AWS DevOps Exam preparation: Code Commit

Previously we would do things on hand but now we will automate using these tools

What is CI?

So first, CICD is about continuous integration, and that means that the developers are going to push the code very often into a central code repository.

And so that could be GitHub, which is a third party service from AWS, or CodeCommit which is Ed's AWS service or Bitbucket which is also a third party service. So developers push the code to code repo and then there's going to be a test or build server that will check if the code is correct and working as soon as it's pushed into the code repository.

So this could be CodeBuild, if it's AWS or Jenkins if you want an open source tool, for example.

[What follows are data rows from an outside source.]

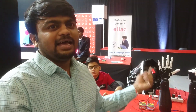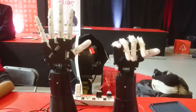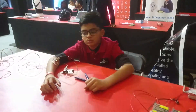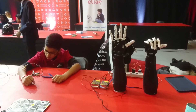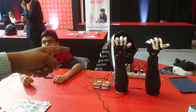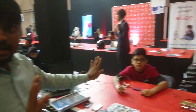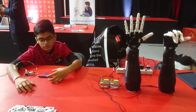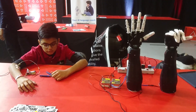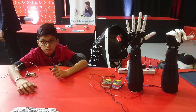You will feel it is like a real hand. See the demonstration — at present it's open, and here the system is also open. Now close it — it's going to close. Now I'm not allowing him to close his palm physically; I'm just telling him to close it by thinking.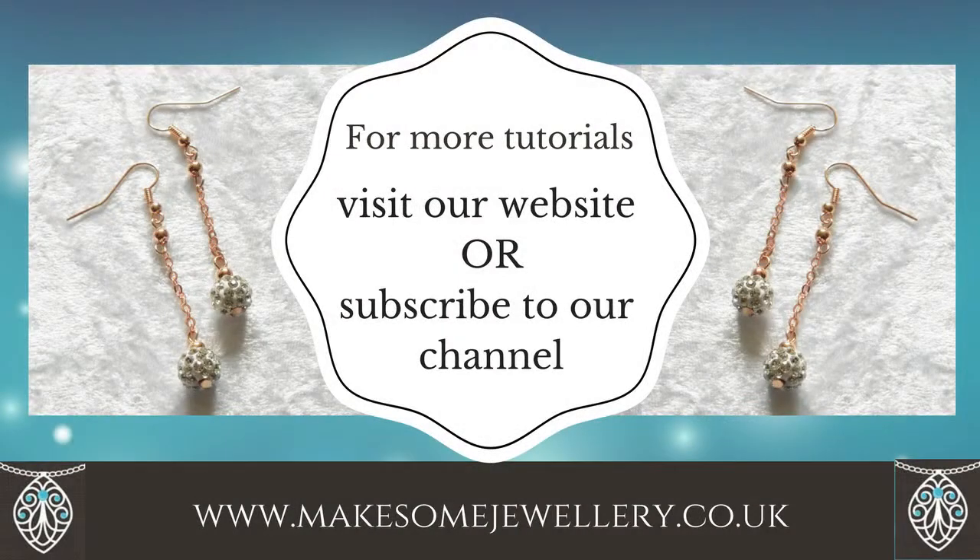I hope you've enjoyed this video. To see more tutorials, please see our website and subscribe to our YouTube channel.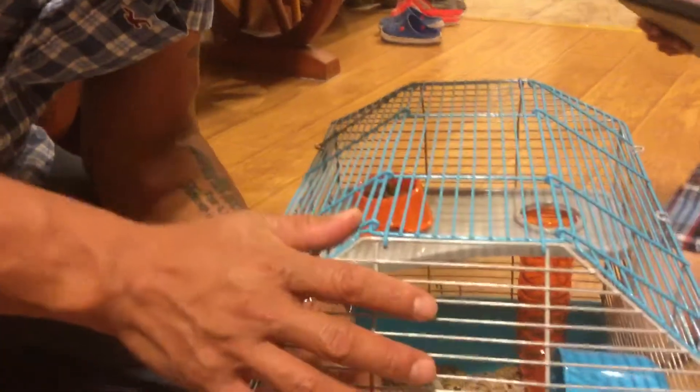Oh no, the water. Wait, where's the hamster? He's under there. Oh, he's under there. Okay, he's under there.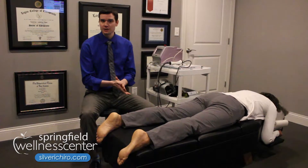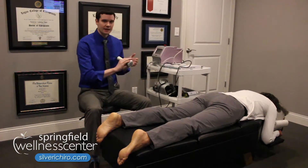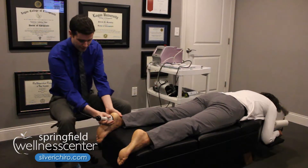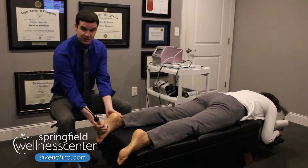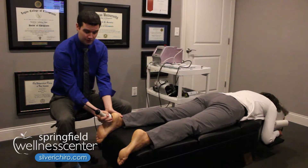We're going to do a little demonstration of what it looks like. It's a very quick procedure that we do. This is the wand here that has the laser light coming through. What we do is we take it on the bottom of the foot and we'll go up and down throughout the plantar fascia tissue here to help expose that tissue to the laser light.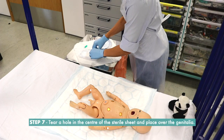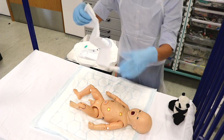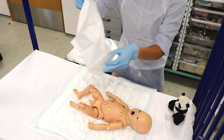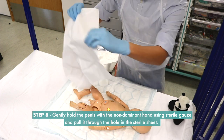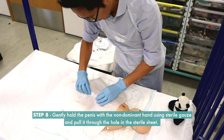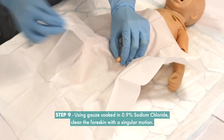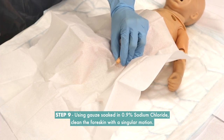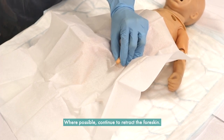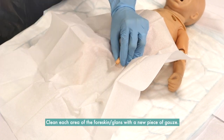Step 7: Tear a hole in the center of the sterile sheet and place it over the genitalia. Step 8: Gently hold the penis with the non-dominant hand using sterile gauze and pull it through the hole in the sterile sheet. Hold the penis vertically and prepare to clean it. Step 9: Using gauze soaked in 0.9% sodium chloride, clean the foreskin with a singular motion. Where possible, continue to retract the foreskin and clean each area of the foreskin and glans with a new piece of gauze.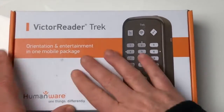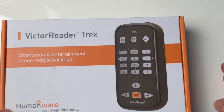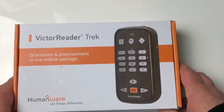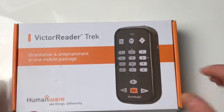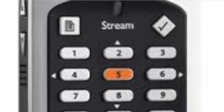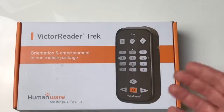Bonjour à tous et merci de regarder cette vidéo, j'espère que vous allez bien. Aujourd'hui on va parler d'un tout nouveau produit qui vient juste de faire son apparition en France : un appareil qui va faire beaucoup de choses, équipé d'un GPS spécialement dédié aux personnes mal et non voyantes. Cet appareil s'appelle le Victor Reader Trek, de la société canadienne Humanware, qui nous avait déjà donné le Victor Reader Stream et le Victor Reader Stratus. Aujourd'hui ils ont amélioré leur gamme avec un outil qui peut guider les gens aussi bien en mode piéton qu'en mode voiture.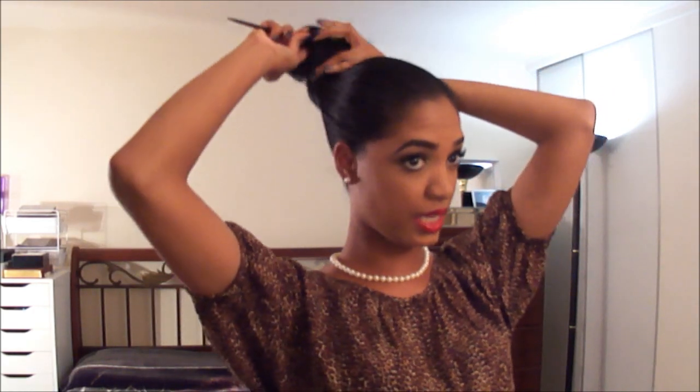Next you need to figure out the position of the bun on your head — where do you want it located. You can have it center of your head, a little lower down, or you can go with a high bun, which is what I'm going with. Once you figure out the position, put your hair into a ponytail in that position. You can go with a really messy ponytail for a messy bun, or a sleek, slick style, which is my option. So I'm going to put my hair in a bun and get it as neat and slick as I can.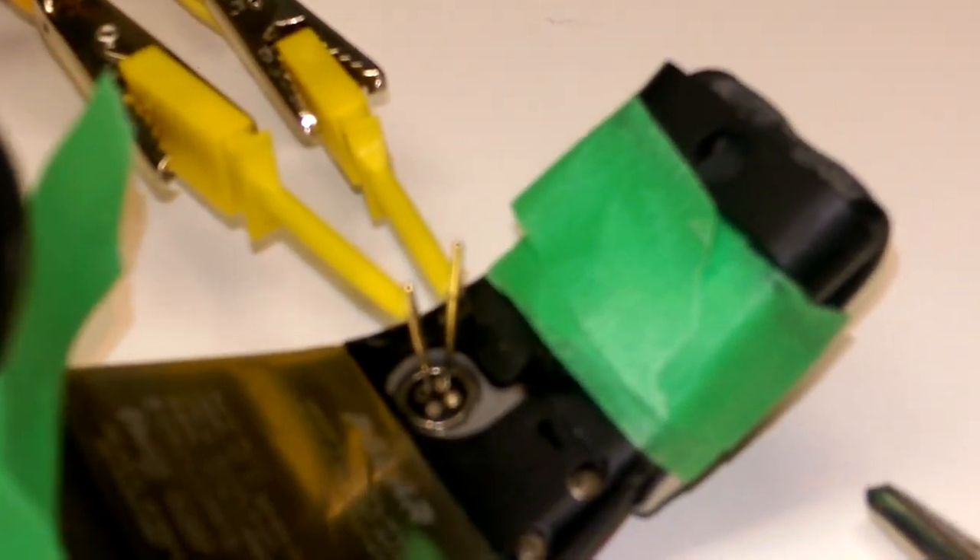Now it's drawing just a tiny bit of current. Time to pop it off the charger.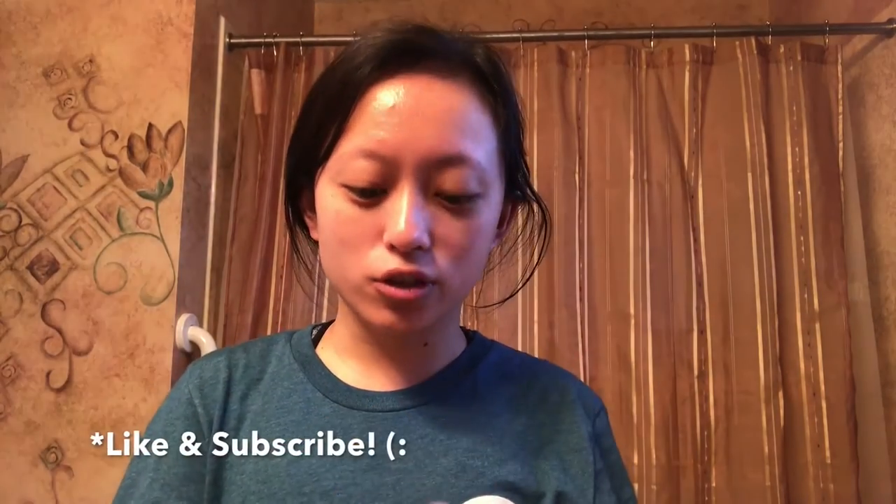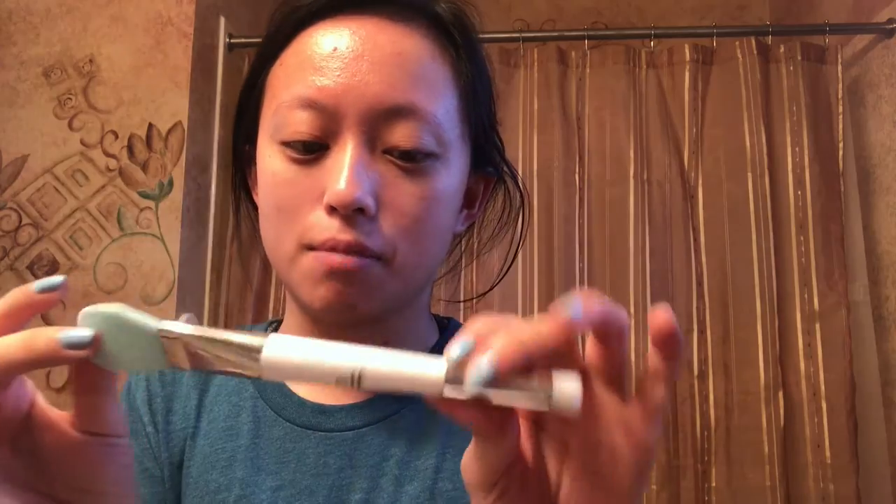Hey guys! So I'm here today showing you the best tool to use for face masks. I don't know if everyone knows this but this is the elf mask brush thing and it's the best thing in the world. It's only five dollars.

So the build server is going to fetch a code and test it and then as a developer, we're going to get feedback as to whether or not the test or checks will have passed or failed. And so we get the build and test results, but we've saved time. So with this, we find bug early and we fix them early, because we are testing the code as soon as it is pushed in a code repository.

So the developer doesn't need to test the code on their machine. They can just push the code and wait for the build server to do it while they do some other tasks.

Therefore, the code is going to be delivered faster, because it's going to be tested. Thanks for this we're gonna be able to deploy often, because as soon as it's tested and ready, we can deploy it. And then happier developers, because developers have a healthier cycle for development.

What is CD?

So we saw CI and now there is CD. So it could be continuous delivery, for example. And so let's give you this example. So here we have application servers of version one, and we want our code as a developer to be pushed all the way to these application servers. So the way we do it is that we use continued delivery.

Anytime we push the code onto the code repo, it's going to be deployed if it's tested appropriately onto our application servers. So the developer pushes the code, the code is going to be tested by the build server. So this is the continuous integration part. And then after the build is passed, so it is green, so it's fully tested, Then there's going to be a deployment server.

And this deployment server is going to deploy our application onto our application servers. So version one at first. But then if we push again a new version of our code into our code repo, then we're going to have application server version two. So with continuous delivery, we ensure that deployments happen often and then they're very quick and we shift away from a mentality of let's do one release every three months, which is very long to do, you know, error prone, because it doesn't happen very often to let's automate you know, up to five releases a day.

Because every time we push the code into the code repo, the code is going to be live onto some application servers. So to do continuous delivery, we need automated deployment tools such as CodeDeploy, which is an AWS service or Jenkins CD or Spinnaker or other tools.

So if you look at the tech stack for CICD on AWS, we have the code and the code can live in CodeCommit or GitHub or Bitbucket or any third party code repository.

Then we have build phase, the build phase and the test phase could be done by CodeBuild on AWS, but there's a competitor to CodeBuild, which is open source called Jenkins CI or any third party CI server will do as well.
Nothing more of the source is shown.